Но, быть может, благодаря тем страницам, которые я прочел в Бальбеке, когда
Робер был со мной рядом, больше всего меня впечатлило - как если бы я нашел
во французской деревне ров, описанный у г-жи де Севинье, - что на Востоке,
во время осады Кут-Эль-Амары ("Кут-эмир, как мы говорим Во-ле-Виконт и
Байо-л'Евек", - как сказал бы комбрейский кюре, если бы в своей
этимологической жажде добрался до восточных языков), подле Багдада всплыло
имя Басры, столько раз упоминавшейся в Тысяче и одной Ночи, куда так часто
попадает, при отправке из Багдада или при возвращении в него, чтобы сесть на
корабль или сойти с корабля, - задолго до генерала Таунсенда и генерала
Горринджера192, во времена халифов, - Синдбад-Мореход.

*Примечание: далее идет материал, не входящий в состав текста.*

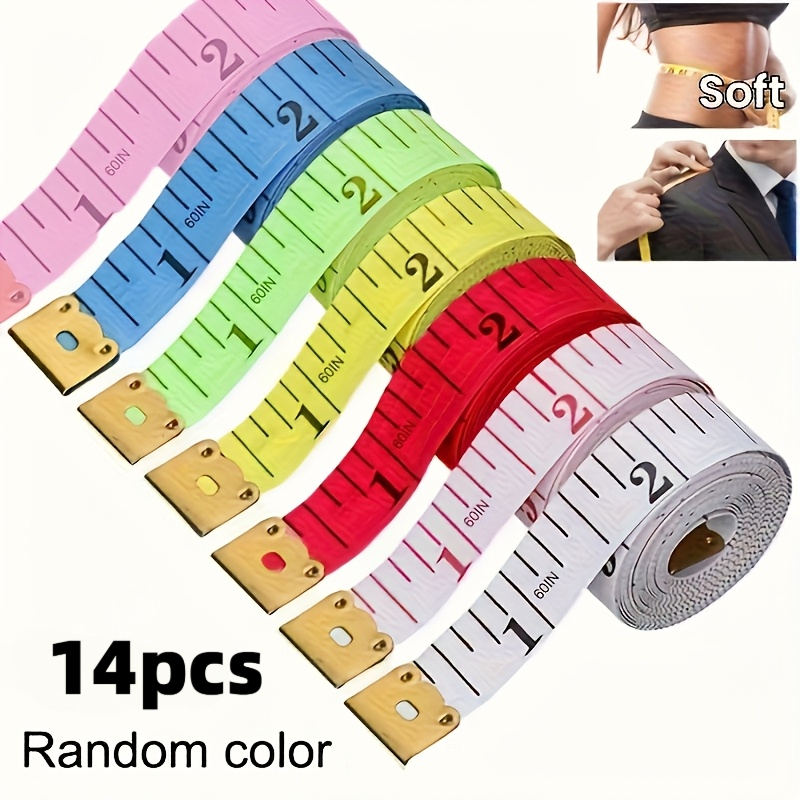 TEMU Lot de 14 mètres souples de couleur aléatoire, mètre ruban de de 60 pouces pour mesurer la taille, le poids et les tailles de vêtements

"Он уже подмечал в войне, - сказал я ей, - что-то человеческое, что
война живет, как любовь и ненависть, что ее теперь можно рассказывать, как
роман, и, стало быть, если кто-то возьмется утверждать, что стратегия - это
наука, то в войне он разобраться не сможет, потому что отныне война не
стратегична. Врагу не более известны наши планы, чем нам - намерения нашей
возлюбленной, и эти планы, быть может, непонятны и для нас самих. Собирались
ли немцы, когда они наступали в марте 1918-го, брать Амьен? Мы об этом
ничего не знаем. Может быть, они того не знали и сами, и сам по себе ход
событий, например, их продвижение на запад к Амьену, определял замысел.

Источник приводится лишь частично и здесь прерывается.